● **Extracted records**:

※

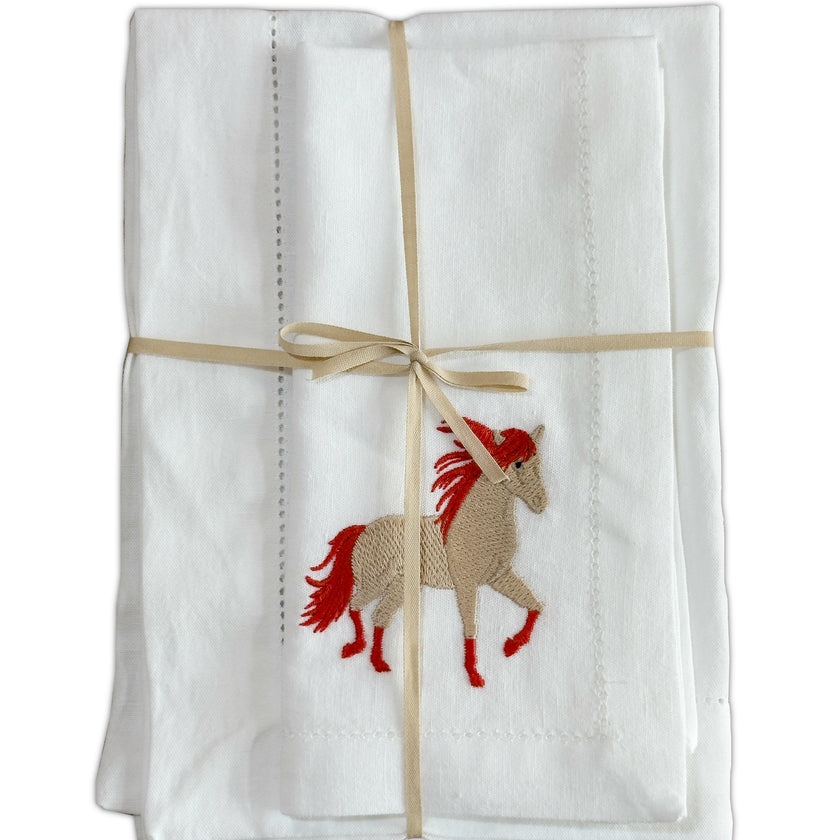 Placemat & napkin - Cavalcade embroidery
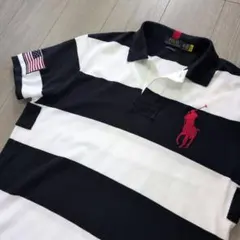 【極美品】ラルフローレン ビッグポニー 星条旗 ポロシャツ 太ボーダー XL★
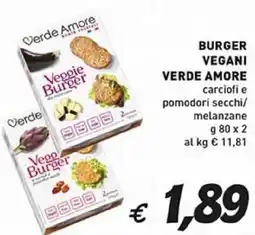 Coal Burger vegani verde amore carciofi e pomodori secchi/ melanzane offerta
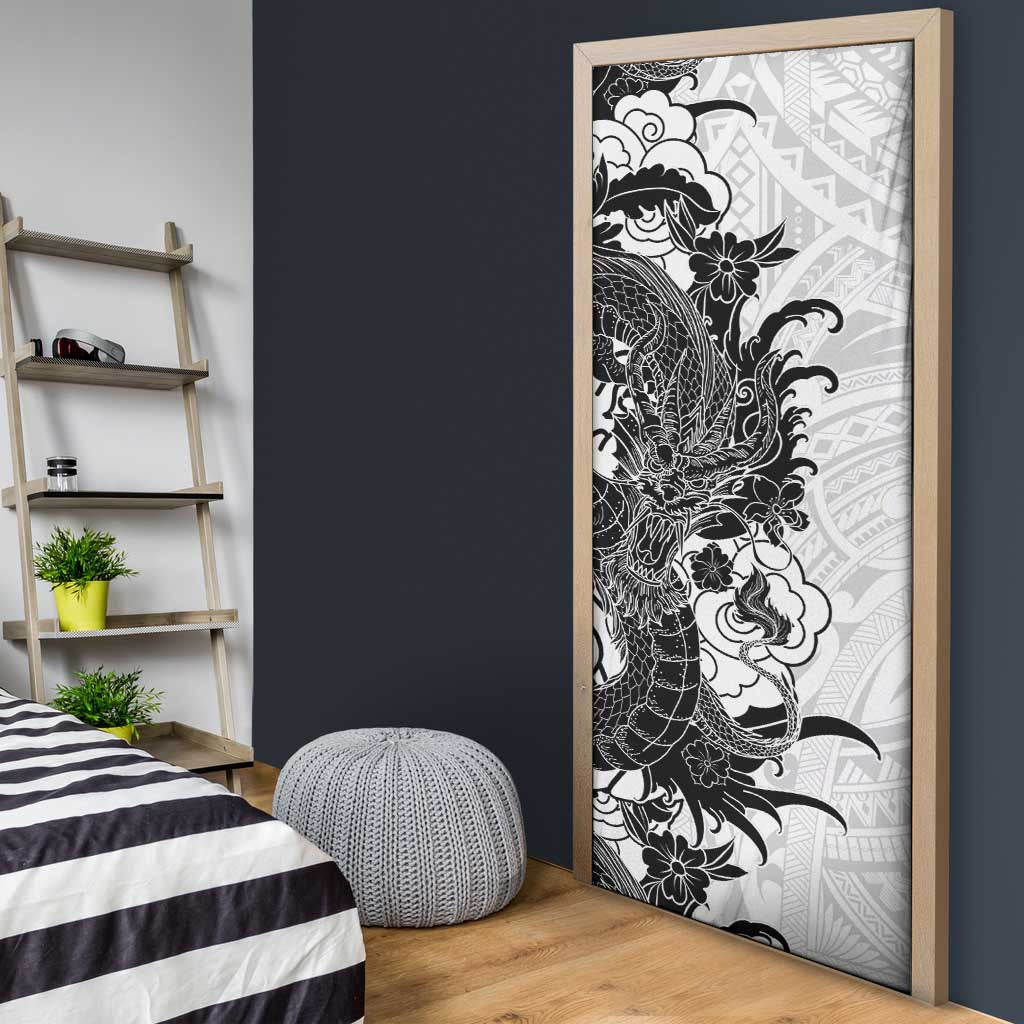 Hawaiian And Japanese Culture Door Cover Irezumi Dragon With Polynesian Pattern White - Polynesian Pride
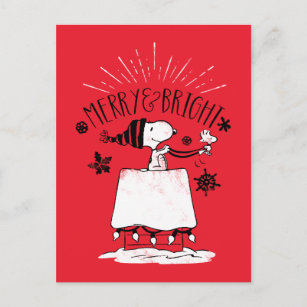 Snoopy and Woodstock - Merry & Bright Postcard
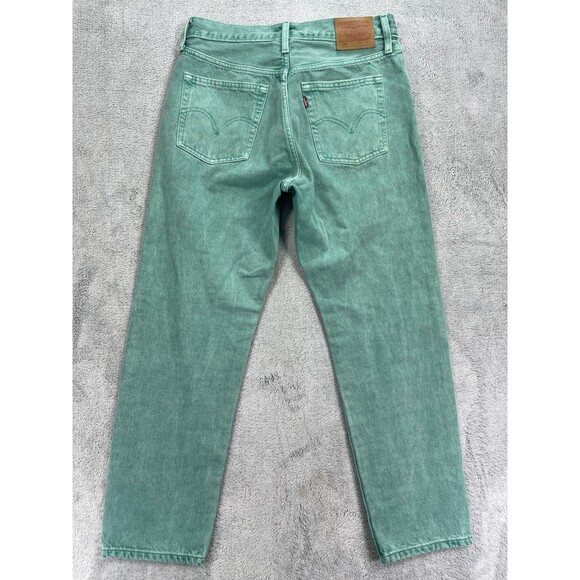 Levis 501 Crop Jeans Womens 28x26 Green Denim Cotton Rare Straight Leg High Rise - Picture 2 of 16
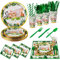 Nkaiso Jungle Safari Party Plates Cups and Napkins Set, 192 pcs Kids' Party Tableware Paper Plates for Jungle Safari Party Decorations Baby Shower Wild One Birthday Party Supplies- 24 Guests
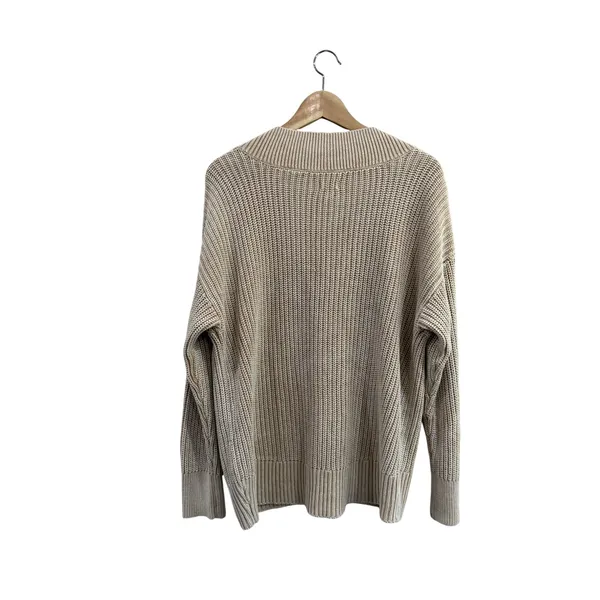 Aerie Womens Tan Marled Shaker Knit V-Neck Sweater Size M Long Sleeve Pullover - Image 2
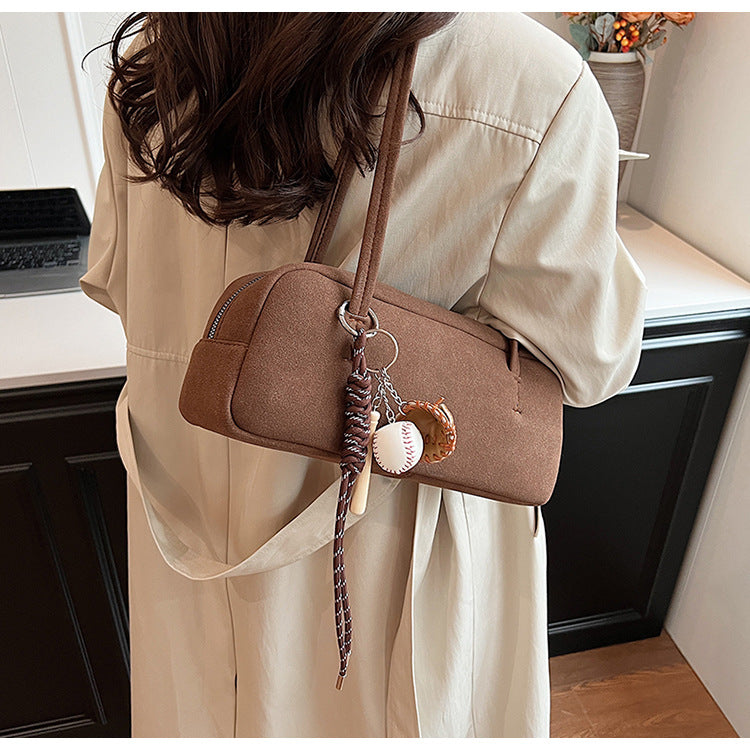 Women's Frosted Suede Baguette Simple Stitching Design Shoulder Bags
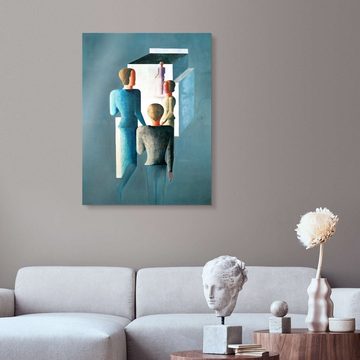 Posterlounge XXL-Wandbild Oskar Schlemmer, Vier Figuren und Kubus, Wohnzimmer Modern Malerei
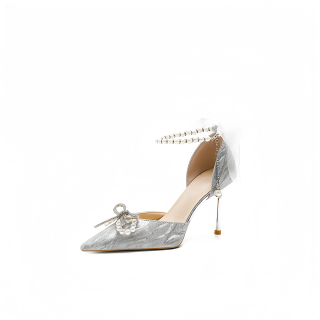 Imono Microfiber Leather Slim Heel High Heels Women's Silver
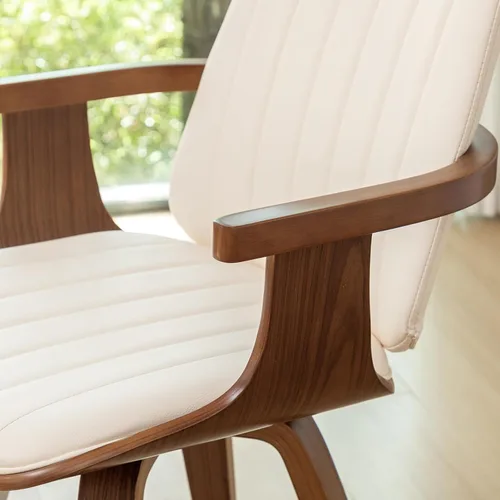Vista 8 de WUPOTO Juego de 1 silla de comedor giratoria, silla de comedor moderna de mediados de siglo con artesanía de nogal, piel sintética tapizada, brazos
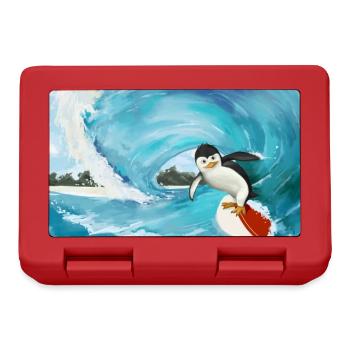 Surfender Pinguin Poster - Brotdose - Rot - Vorne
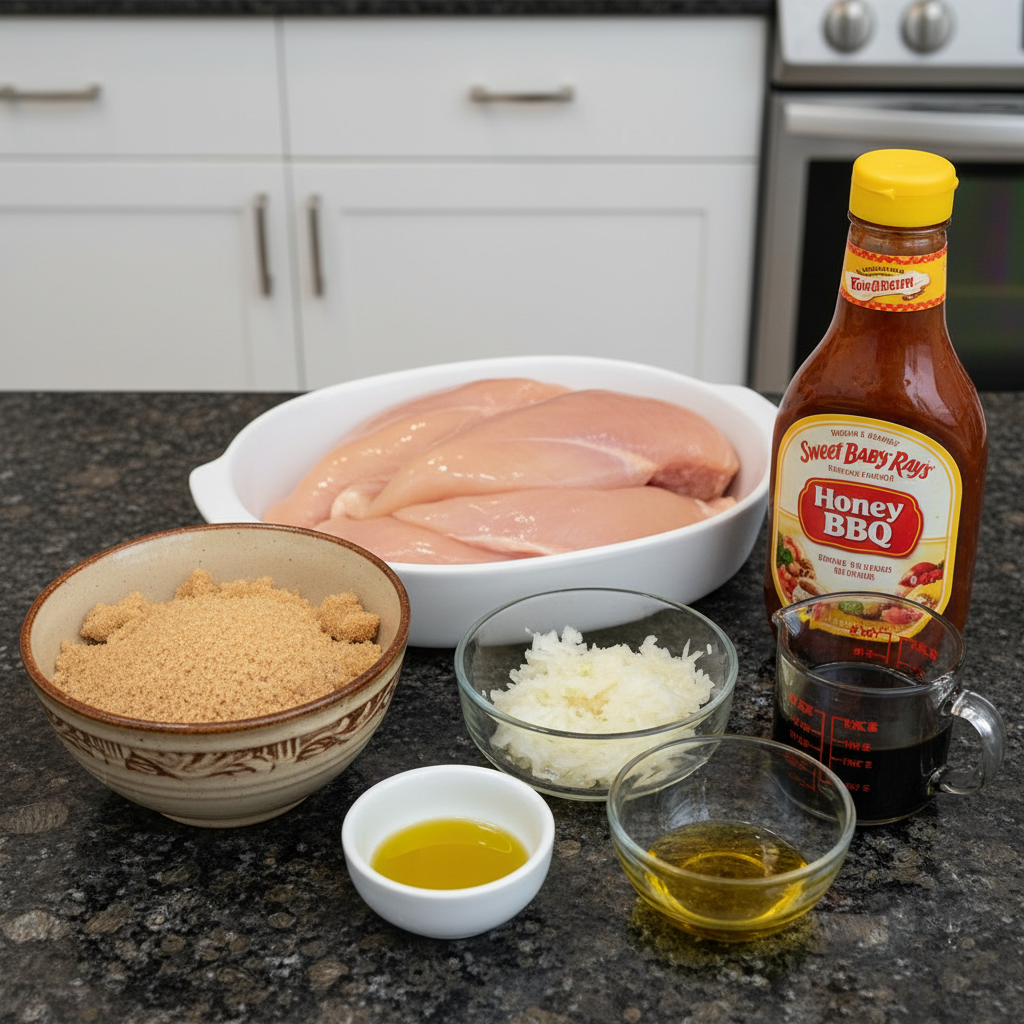 Fresh chicken breasts, BBQ sauce, onions, and spices laid out as ingredients for a Crockpot BBQ Chicken recipe.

※

● **Work instruction**: Please repeat each line above exactly as it appears, but omit the pictures.

● **Solution for this exercise**:
 Placemat & napkin - Cavalcade embroidery
 【極美品】ラルフローレン ビッグポニー 星条旗 ポロシャツ 太ボーダー XL★
 Coal Burger vegani verde amore carciofi e pomodori secchi/ melanzane offerta
 Hawaiian And Japanese Culture Door Cover Irezumi Dragon With Polynesian Pattern White - Polynesian Pride
 Snoopy and Woodstock - Merry & Bright Postcard
 Levis 501 Crop Jeans Womens 28x26 Green Denim Cotton Rare Straight Leg High Rise - Picture 2 of 16
 Nkaiso Jungle Safari Party Plates Cups and Napkins Set, 192 pcs Kids' Party Tableware Paper Plates for Jungle Safari Party Decorations Baby Shower Wild One Birthday Party Supplies- 24 Guests
 Aerie Womens Tan Marled Shaker Knit V-Neck Sweater Size M Long Sleeve Pullover - Image 2
 Women's Frosted Suede Baguette Simple Stitching Design Shoulder Bags
 Posterlounge XXL-Wandbild Oskar Schlemmer, Vier Figuren und Kubus, Wohnzimmer Modern Malerei
 Imono Microfiber Leather Slim Heel High Heels Women's Silver
Vista 8 de WUPOTO Juego de 1 silla de comedor giratoria, silla de comedor moderna de mediados de siglo con artesanía de nogal, piel sintética tapizada, brazos
 Surfender Pinguin Poster - Brotdose - Rot - Vorne
 Fresh chicken breasts, BBQ sauce, onions, and spices laid out as ingredients for a Crockpot BBQ Chicken recipe.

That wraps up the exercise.